Member of the South Dakota House of Representatives from the 32nd district
- In office 2017 – April 26, 2018 Serving with Kristin Conzet
- Preceded by: Brian Gosch
- Succeeded by: Scyller Borglum

Personal details
- Born: November 23, 1970 Goose Creek, South Carolina, U.S.
- Died: April 26, 2018 (aged 47) Rapid City, South Dakota, U.S.
- Party: Republican

Military service
- Branch/service: United States Navy

= Sean McPherson =

American politician (1970–2018)

Sean Patrick McPherson (November 23, 1970 – April 26, 2018) was an American politician, pastor, and educator who served as a member of the South Dakota House of Representatives from 2017 until his death in April 2018.

== Early life ==
McPherson was born in Goose Creek, South Carolina. After his father's retirement from the United States Navy, McPherson and his family lived in Newton, Kansas. He enlisted in the navy after graduating high school.

== Career ==
After leaving the navy, McPherson worked for Intel in Rio Rancho, New Mexico. He later taught at Rapid City Christian School and worked as pastor of the Real Life Church in Rapid City. He was elected to the South Dakota House of Representatives in 2017 as a Republican.

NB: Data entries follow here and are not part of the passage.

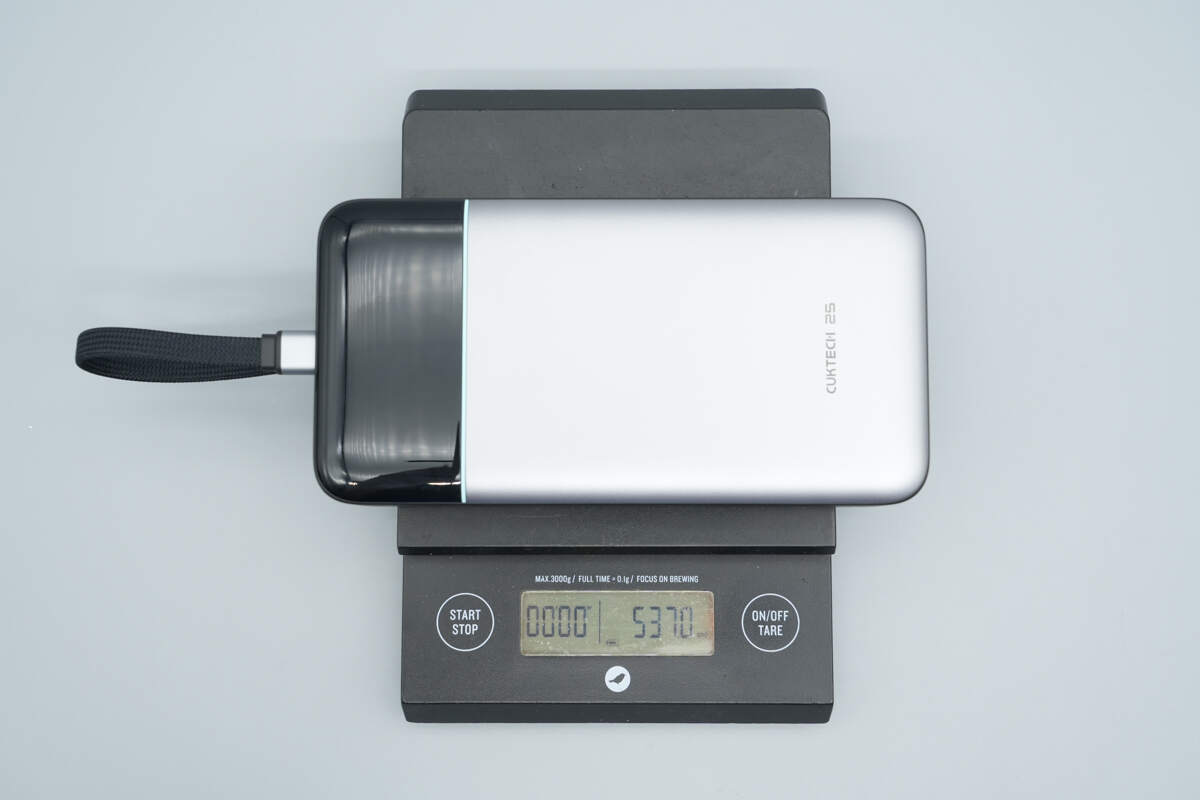 酷态科 25 号超级电能块SE  LPB252N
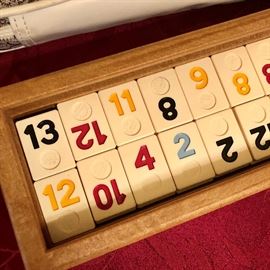 Vintage Rummikub with case   http://www.ctonlineauctions.com/detail.asp?id=729005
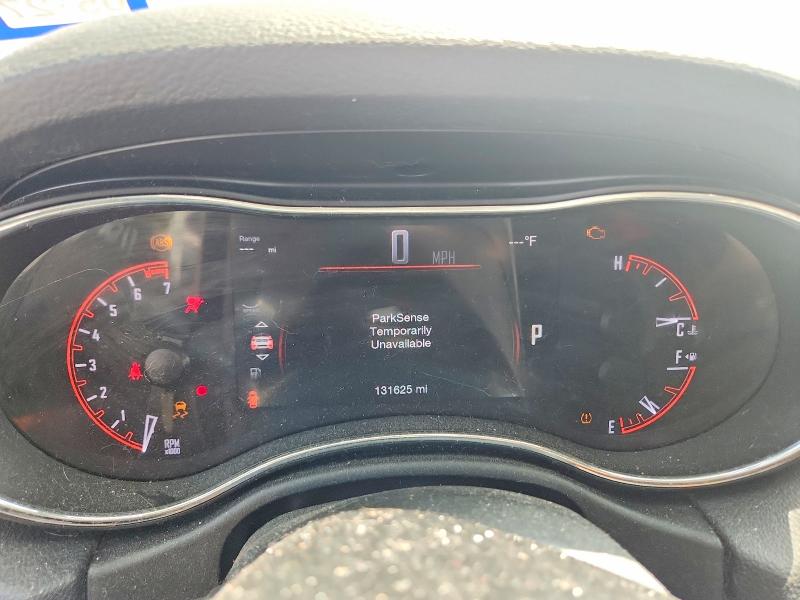 Aukcja sprzedaży 2016 Dodge Durango, vin: 1C4RDHAG3GC466942, numer aukcji: 63429316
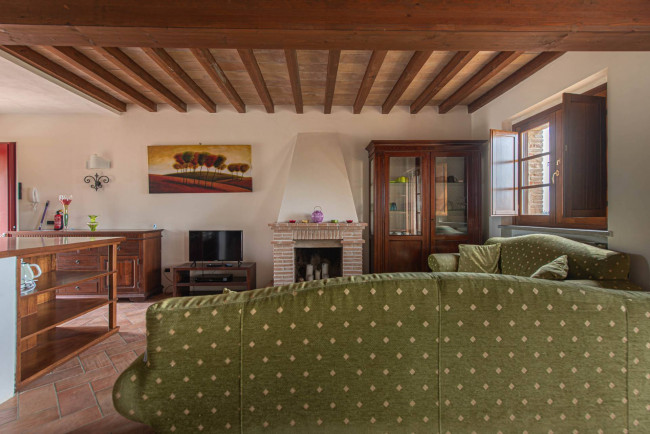 Apartment for sale in Ficulle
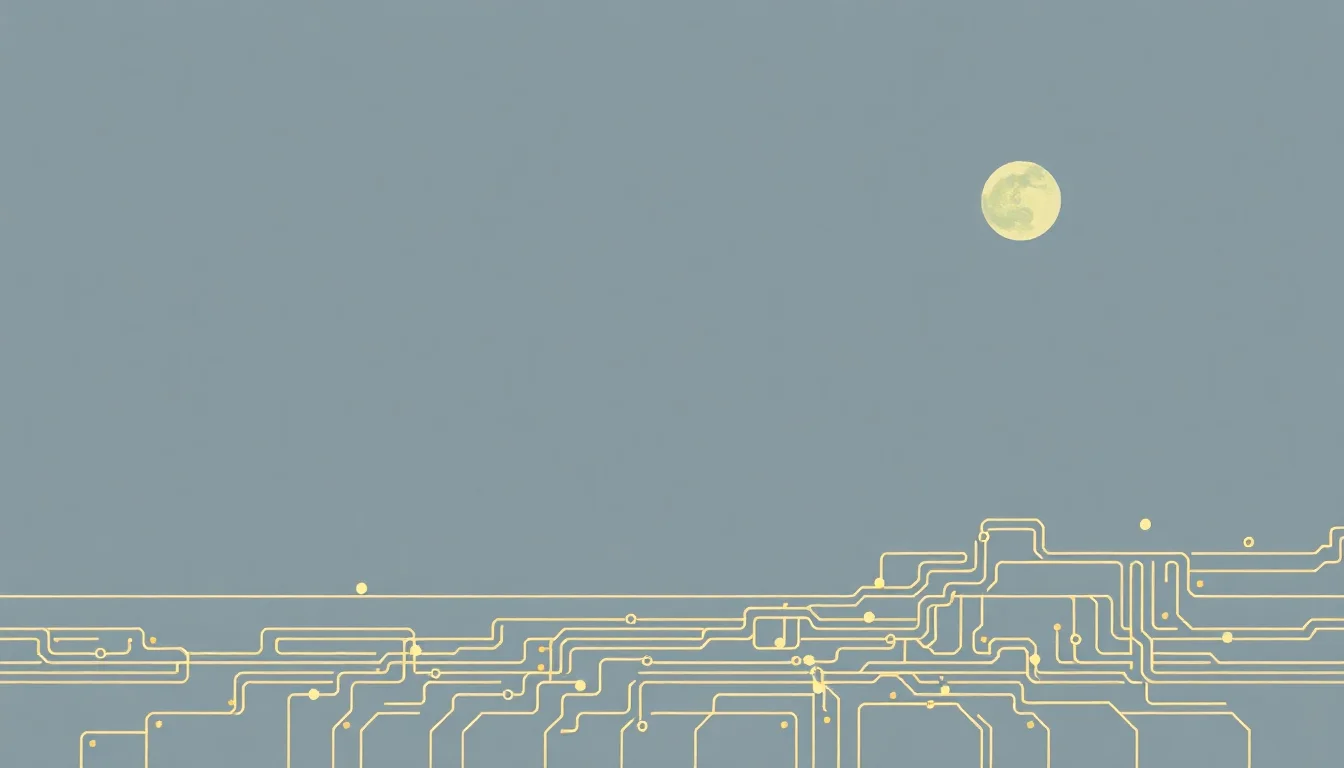 The Algorithmic Ascent: A History of Computer Science | Vibepedia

In the 2018 elections, McPherson and Scyller Borglum earned the Republican Party's nomination for the 32nd district's two seats, even though McPherson had died of cancer. Governor Dennis Daugaard appointed Borglum to fill McPherson's vacant seat on August 8.

== Personal life ==
In February 2017, McPherson was diagnosed with cancer. He died on April 26, 2018, in Rapid City, South Dakota.